The union is asking for a “fair wage hike and an increase in pension contributions, relative to cost-of-living increases,” said Milly Silva, the head of United Healthcare’s nursing home division. Employees are also concerned about health care costs. “They need affordable health care, just like anybody else,” Silva said.

She agreed that staffing issues were critical. “The question is, do we have adequate staff and sufficient resources to provide quality care?” Siva asked. “Right now, we don’t have enough CNAs” — certified nurse assistants — “to do the work.”

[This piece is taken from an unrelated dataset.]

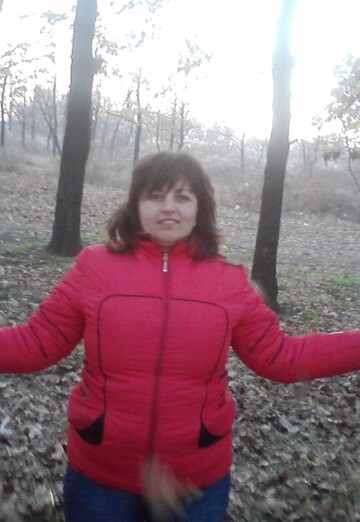 My photo - ELIZAVETA, 40 from Kirovsk (@elizaveta2543)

Michael Balboni, GNY’s executive director, acknowledged the shortage of CNAs. “It’s hard to find qualified people who will work that hard for a wage that’s only a little more than they’d make at McDonald’s,” he said.

The starting wage for union health care workers is about $18 an hour, compared with about $11 an hour for fast-food workers. Experienced CNAs earn proportionally more, depending on length of service. And licensed vocational nurses make even more.

Silva acknowledged that other types of work were competitive, and mentioned Amazon. “The pay differential isn’t that big,” she said, “and the work is easier.”

Balboni said that nursing home care is “supposed to be a partnership with the State of New York.” The State Department of Health requires a certain minimum level of staffing. “If an issue arises, the DOH will investigate,” he said. “If the issue is acute, they issue a finding of immediate jeopardy” which must be corrected within 24 hours.

According to Balboni, further reductions in staff are to be expected, with the increase in technology. “It’s better for the patients,” he said. Medical records could be automated, and robotics could be used for heavy lifting. Technology could also be used for admissions.

The union counters that current inadequate staffing can lead to serious errors. “There could be errors in medications,” Silva said, “or taking patients to the wrong after-care activity.”

Balboni acknowledged that “management hasn’t made an investment in training,” and said it would become a bigger issue as sophisticated technology and telemedicine become more widespread.

The union hasn’t taken a position on telemedicine.

Union contracts have not included cost-of-living adjustments since 2007, according to Silva. Since Long Island is one of the most expensive counties in the U.S., “We’re not keeping up,” she said.

Negotiations with the GNY ownership group resume this week.